Department of Neurology, Ewha Womans University, School of Medicine, Seoul, Korea.
Hum Mutat. 2012 Nov;33(11):1610-5. doi: 10.1002/humu.22143. Epub 2012 Jul 5.
Charcot-Marie-Tooth disease (CMT) is one of the most common inherited neuropathies and is a genetically and clinically heterogeneous disorder with variable inheritance modes. As several molecules have been reported to have therapeutic effects on CMT, depending on the underlying genetic causes, exact genetic diagnostics have become very important for executing personalized therapy. Whole-exome sequencing has recently been introduced as an available method to identify rare or novel genetic defects from genetic disorders. Particularly, CMT is a model disease to apply exome sequencing because more than 50 genes (loci) are involved in its development with weak genotype-phenotype correlation. This study performed the exome sequencing in 25 unrelated CMT patients who revealed neither 17p12 duplication/deletion nor several major CMT genes. This study identified eight causative heterozygous mutations (32%). This detection rate seems rather high because each sample was tested before the study for major genetic causes. Therefore, this study suggests that the exome sequencing can be a highly exact, rapid, and economical molecular diagnostic tool for CMT patients who are tested for major genetic causes.
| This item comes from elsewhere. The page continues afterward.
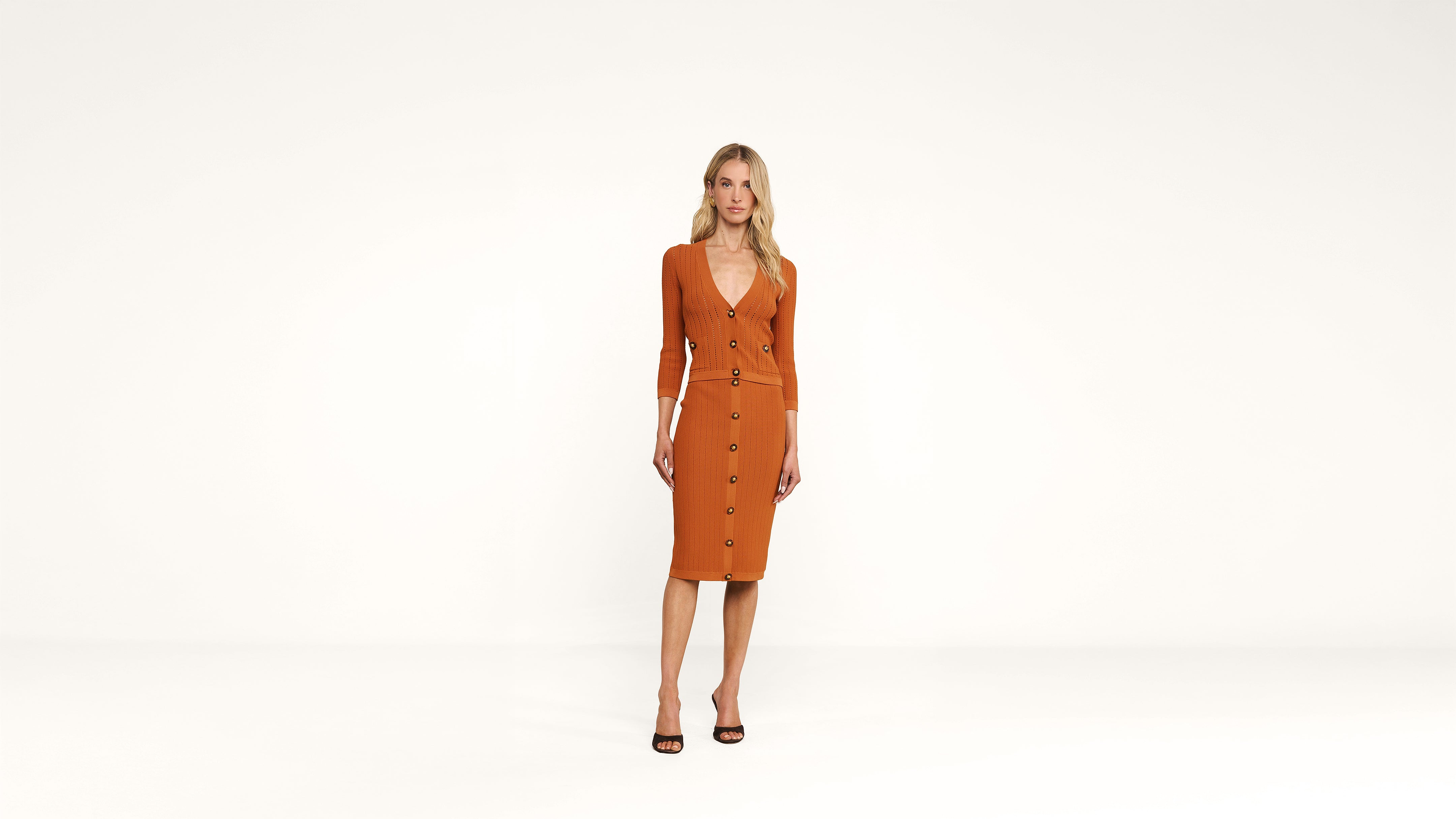 Woman stands in a minimal studio wearing an orange, button-down, fitted dress with long sleeves and black high-heeled sandals. Background is plain white.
腓骨肌萎缩症(CMT)是最常见的遗传性周围神经病之一,是一种遗传和临床异质性疾病,具有不同的遗传模式。由于已有几种分子被报道对 CMT 具有治疗作用,具体取决于潜在的遗传原因,因此明确的遗传诊断对于执行个体化治疗变得非常重要。外显子组测序最近已被引入作为一种从遗传疾病中识别罕见或新的遗传缺陷的可用方法。特别是 CMT 是应用外显子组测序的模型疾病,因为有 50 多个基因(基因座)参与其发展,其基因型与表型相关性较弱。本研究对 25 名无 17p12 重复/缺失且无几种主要 CMT 基因的无关 CMT 患者进行了外显子组测序。本研究鉴定出 8 个致病性杂合突变(32%)。由于在研究前每个样本均针对主要遗传原因进行了检测,因此该检测率似乎相当高。因此,本研究表明,外显子组测序可以作为一种高度准确、快速且经济的分子诊断工具,用于检测主要遗传原因的 CMT 患者。